From T.S. Elliot’s poem “The Hollow Men” (conclusion):
This is the way the world ends
This is the way the world ends
This is the way the world ends
Not with a bang but a whimper.
Actually, it will probably be a slow bang.
At the Ask-a-Geologist desk, we have received quite a number of end-of-the-world queries. These could be consolidated into a single sentence with two parts:
Q: (1) Are mass extinctions real, and (2) will another one happen soon?

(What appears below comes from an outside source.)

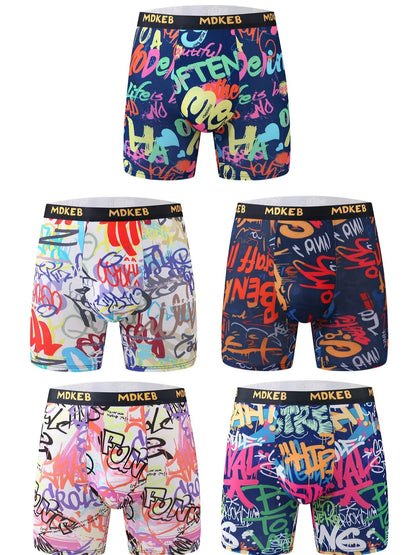 Ten-Piece Men's Graffiti Pattern Boxer Briefs Set – Breathable, Comfortable, High-Elastic Long Boxer Briefs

A: There has been accumulating evidence over the past century that animal life on Earth has been decimated repeatedly. The biggest documented extinction events (though not all) are:
- ~440 million years ago (the demise of the Bryozoa, among other fossil species, marking the end of the Ordovician period),
- 251 million years ago (the “Great Permian Extinction” or “Great Dying” that saw the disappearance of over 95% of all genera living at the time including the Trilobites),
- 219 million years ago (the end of the Carnian stage in the late Triassic period, coincident with the appearance of the huge, ~85-km Manicougan craters in Quebec, Canada),
- 65 million years ago (the end of the Cretaceous period and with it most of the dinosaurs), sometimes called the Chicxulub event, named for a village in northern Yucatan, Mexico.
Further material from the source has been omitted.